When finished, as a heuristic to check the results, I run zola build
with search indexing, as well as my new command, and compare the resulting indexes:
fd --extension js 'index' ./public --exec md5sum # 8f1a9d115462075d7d17dfea6ef6e4ca public/build-index.js # 8f1a9d115462075d7d17dfea6ef6e4ca public/new-index-index.js
Diff of this initial step here.
Next step is adding Tantivy as an optional dependency, and using conditional compilation to skip the zola index
subcommand unless #[cfg(feature = "tantivy")]
is enabled.
Zola is organized as a collection of workspaces, which can sometimes be confusing to get right in terms of conditional compilation.

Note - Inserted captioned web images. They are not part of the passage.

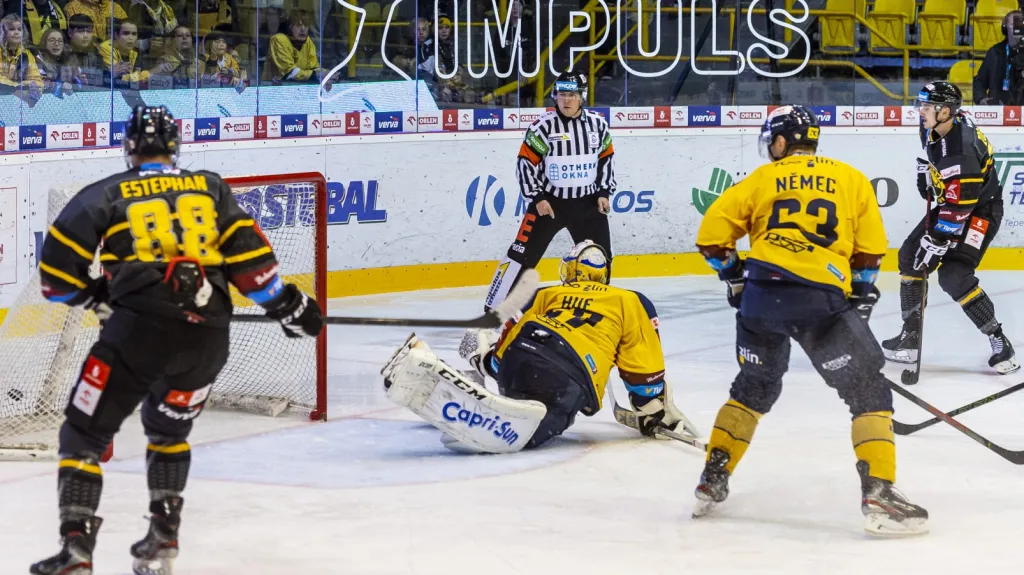 Patrik Zdráhal z Litvínova (vpravo) střílí gól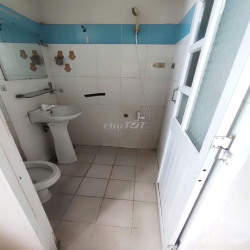Phòng đẹp tiện nghi hướng Ban Công ngay Tân Thới Hiệp, gần CV PMQT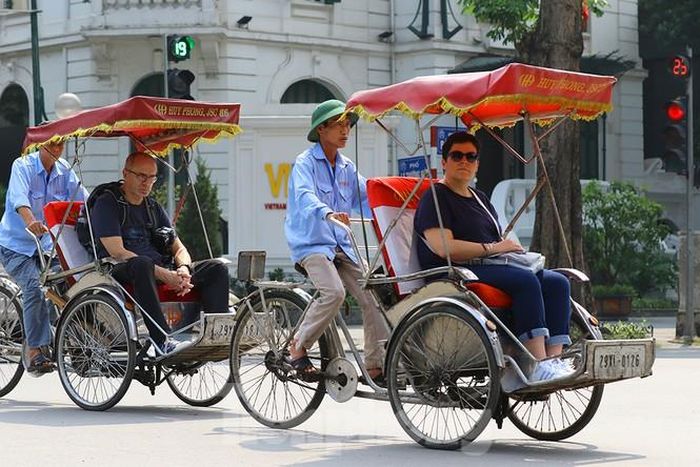 Du khách nước ngoài tham quan trên phố Bà Triệu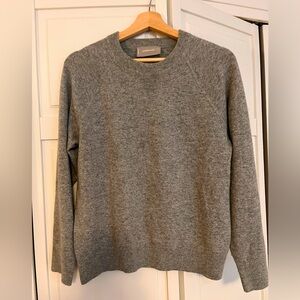 Everlane Heather grey cashmere sweater. Size medium.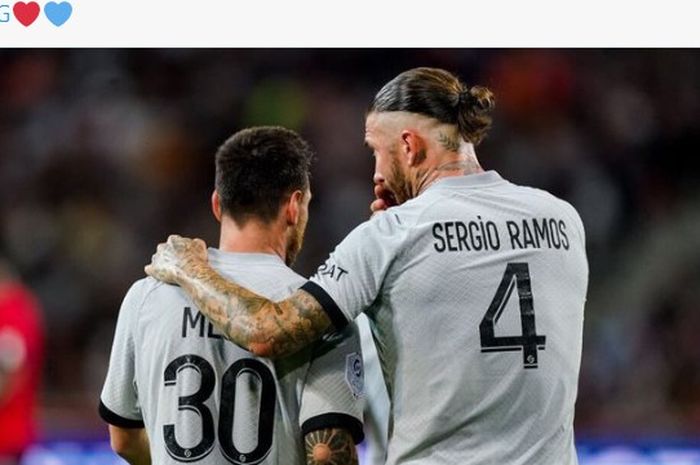 Dua megabintang Paris Saint-Germain, Lionel Messi (30) dan Sergio Ramos (4), harus menerima nasib kontrak elitenya ditahan karena kondisi keuangan klub.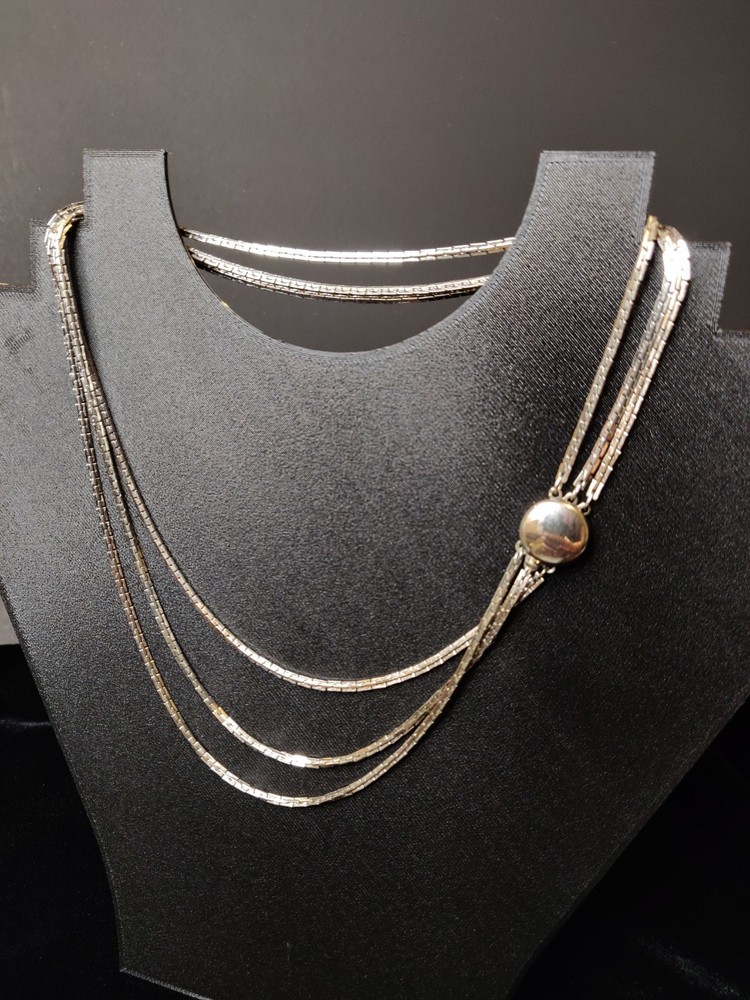 Vintage Three Strand 14.5″ Silver Tone Necklace Statement H Box Chain Unique
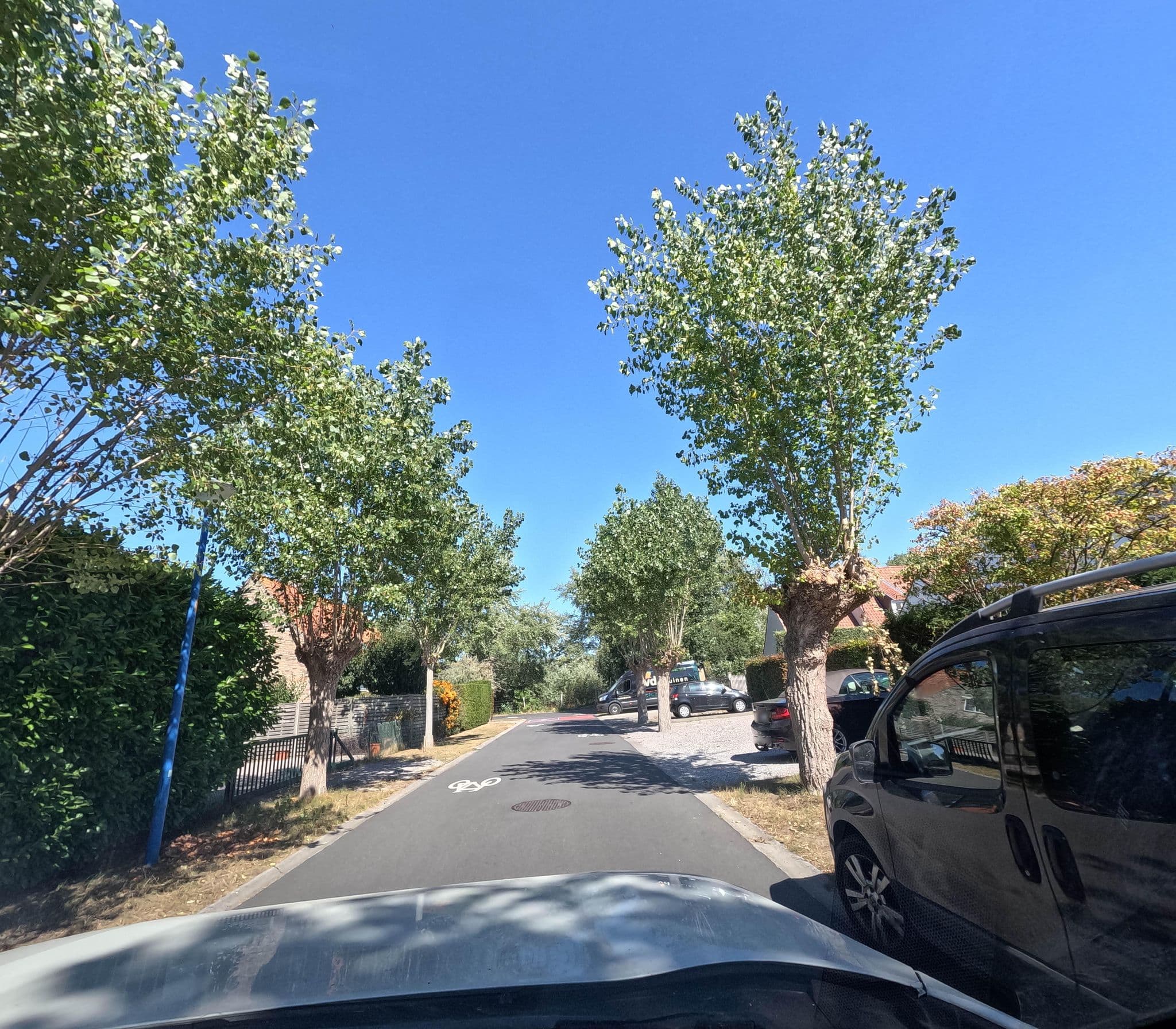 Street view near Het Zandkasteel van Vache, Oostduinkerke — © filipc (CC BY-SA · Mapillary)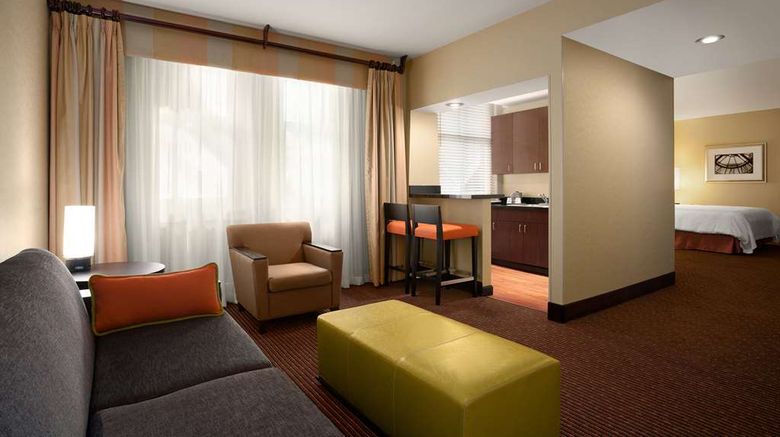 <b>Hampton Inn & Suites Ogden Room</b>. Images powered by <a href="https://iceportal.shijigroup.com/" title="IcePortal" target="_blank">IcePortal</a>.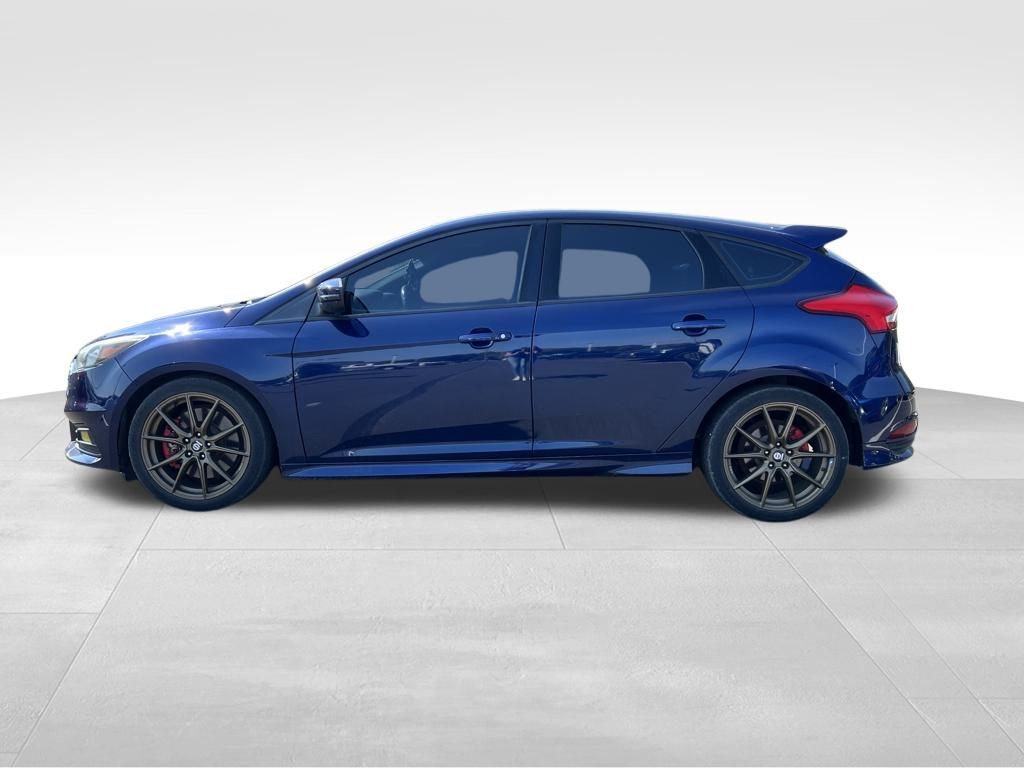 2016 Ford Focus ST photo 4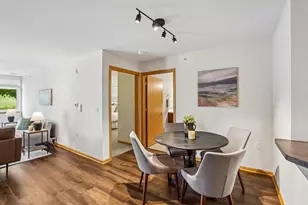 8206 Starr Grass Dr, Madison, WI 53719 - Photo 10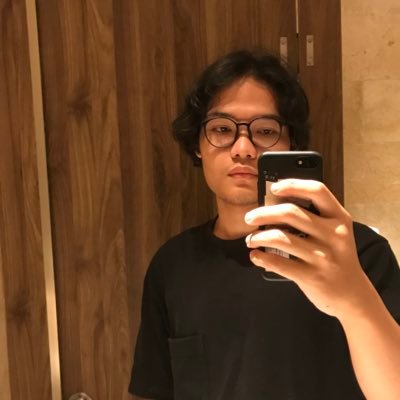 simptobe's profile picture. 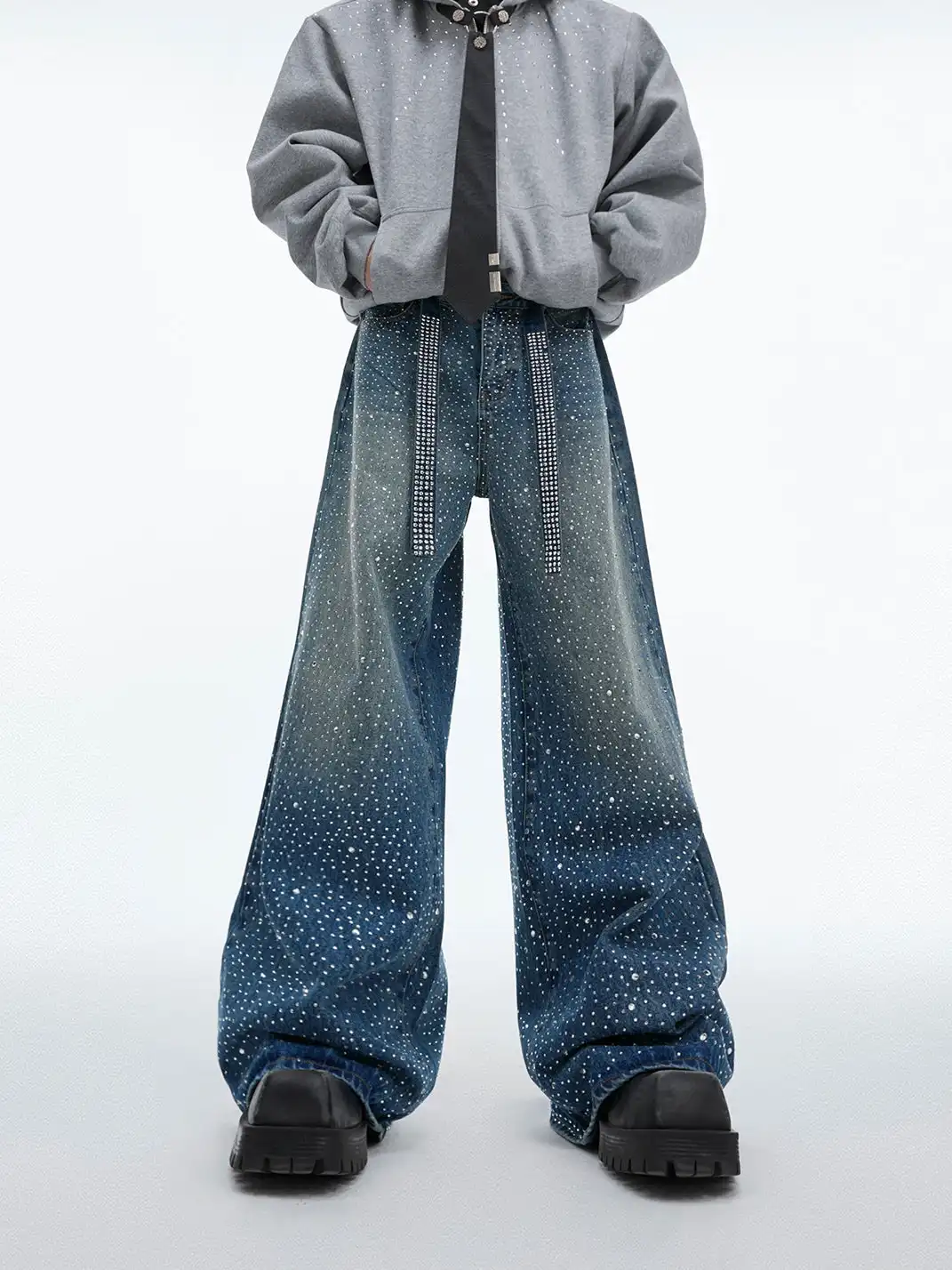 ArguE CulturE | Vintage Rhinestone Washed Denim Jeans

I had to declare Tantivy as an optional dependency both in zola/Cargo.toml
and zola/search/Cargo.toml
:
# in zola/Cargo.toml AND zola/search/Cargo.toml: tantivy = { version = "0.12", optional = true }
Then I could base the CLI menu based on whether the feature was present:
// in zola/src/cli.rs // snip.. SubCommand::with_name("index") .about("Create a search index as a stand-alone task, and with additional options") .args({ // bracket creates new block let drafts = Arg::with_name("drafts") .long("drafts") .takes_value(false) .help("Include drafts when loading the site"); #[cfg(feature = "tantivy")] // only compiled if --features tantivy { let index_type = Arg::with_name("index_type") .long("index-type") .short("t") .takes_value(true) .possible_values(&["elasticlunr", "tantivy"]) .required(true) .help("what kind of search index to build"); let output_dir = Arg::with_name("output_dir") .short("o") .long("output-dir") .default_value("public") .takes_value(true) .help("Outputs the generated search index files into the provided dir. \ Note: Tantivy indexing produces a directory instead of a file, \ which will be located at output-dir/tantivy-index"); &[drafts, index_type, output_dir] } #[cfg(not(feature = "tantivy"))] // compiled when not --features tantivy { &[drafts] } }), // snip..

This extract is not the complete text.